Task details
One part of the entries below is wanted: the lines from the one containing "Michael Myers Ornament from Halloween 1978" through the one containing "Wasabi bukser luana 3 sort kombi". Write those out exactly and nothing else.

Record set

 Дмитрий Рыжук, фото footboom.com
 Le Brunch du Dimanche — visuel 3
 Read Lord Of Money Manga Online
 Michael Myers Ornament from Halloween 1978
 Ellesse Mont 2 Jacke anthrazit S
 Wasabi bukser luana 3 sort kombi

* * *

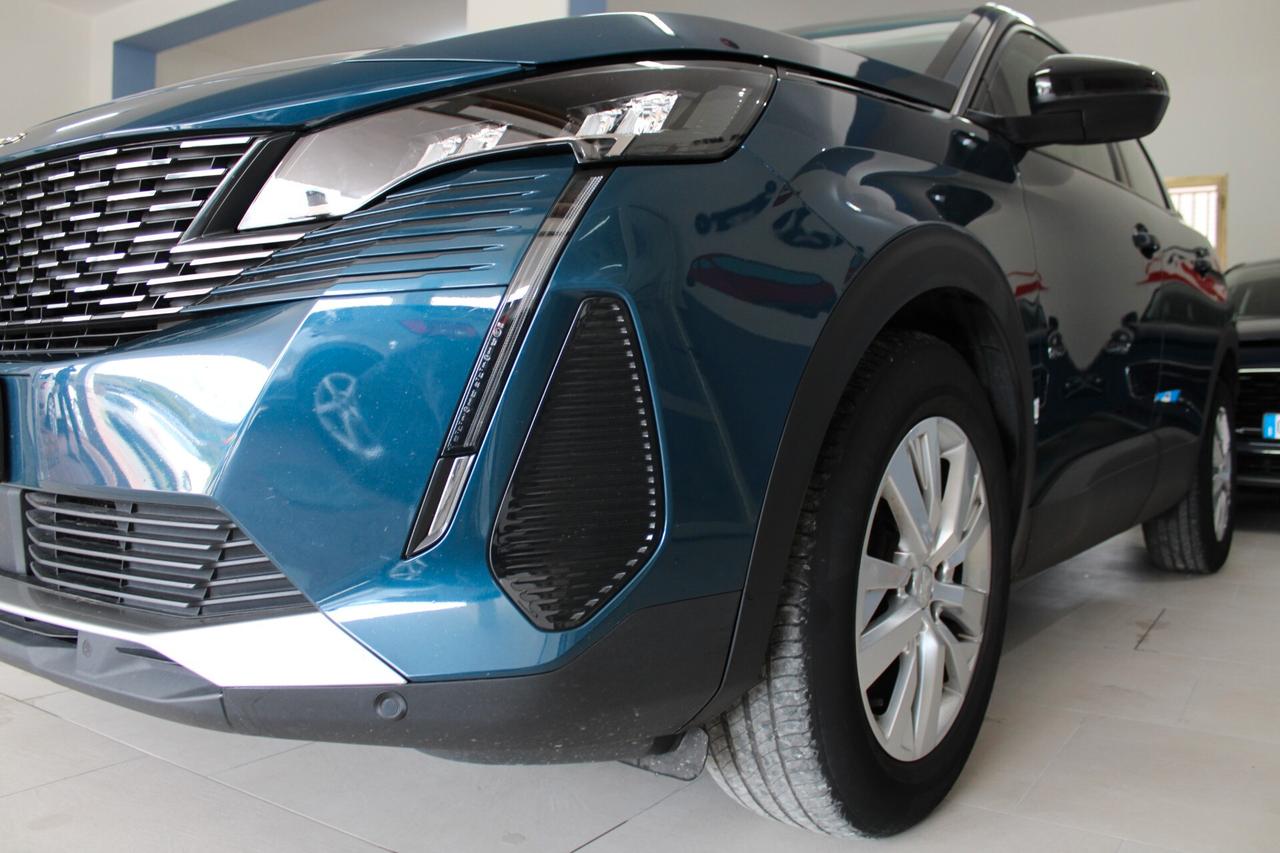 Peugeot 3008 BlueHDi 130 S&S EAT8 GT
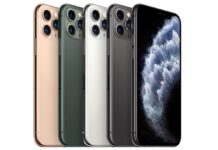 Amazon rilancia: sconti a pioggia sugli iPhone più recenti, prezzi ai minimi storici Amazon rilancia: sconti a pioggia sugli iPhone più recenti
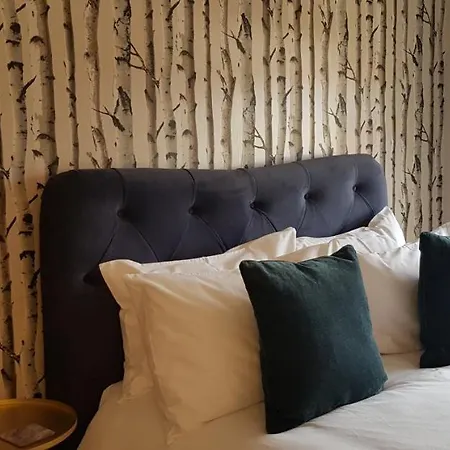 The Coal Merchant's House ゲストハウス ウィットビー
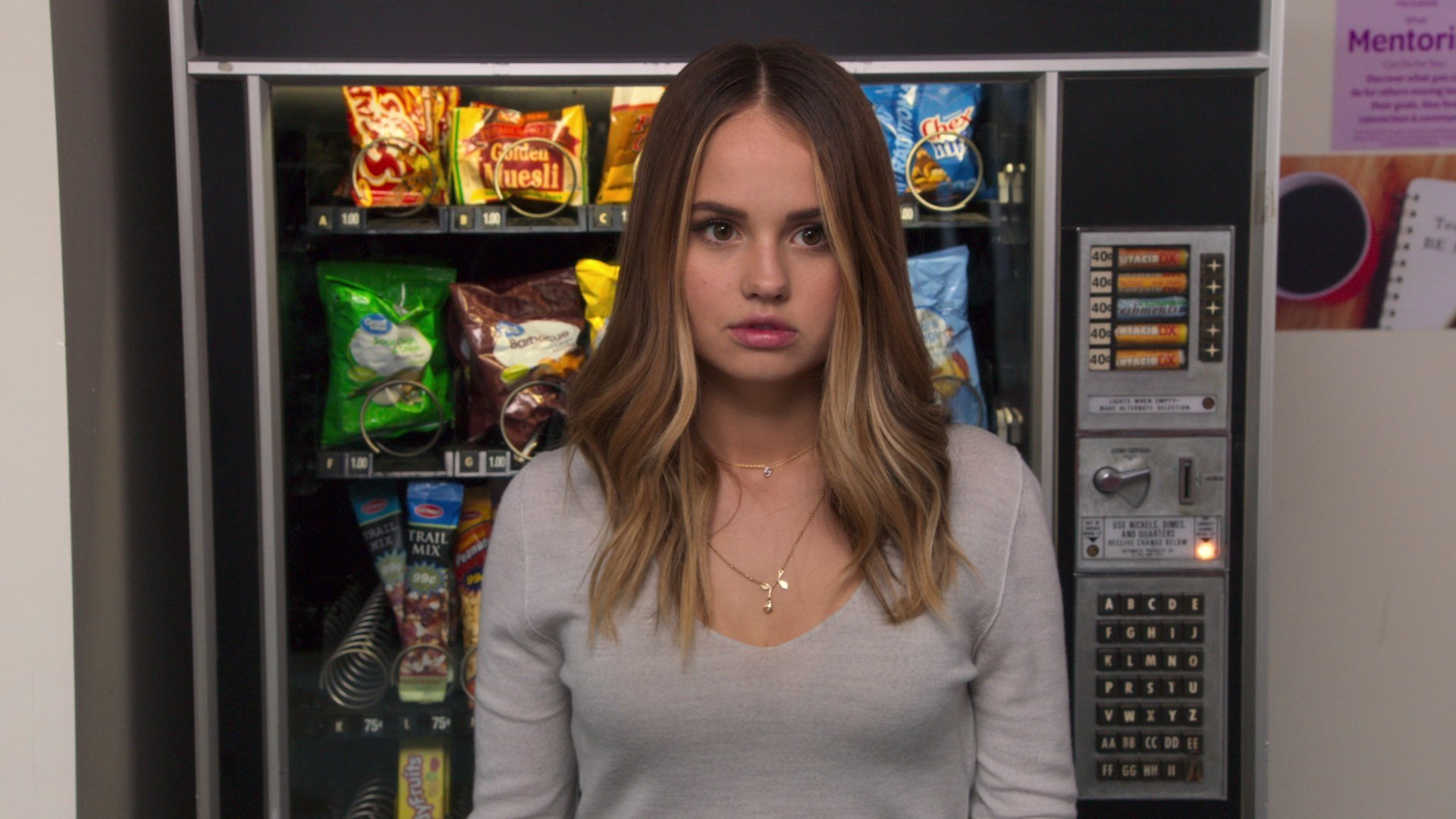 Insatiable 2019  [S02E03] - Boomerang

Result of the exercise
 Michael Myers Ornament from Halloween 1978
 Ellesse Mont 2 Jacke anthrazit S
 Wasabi bukser luana 3 sort kombi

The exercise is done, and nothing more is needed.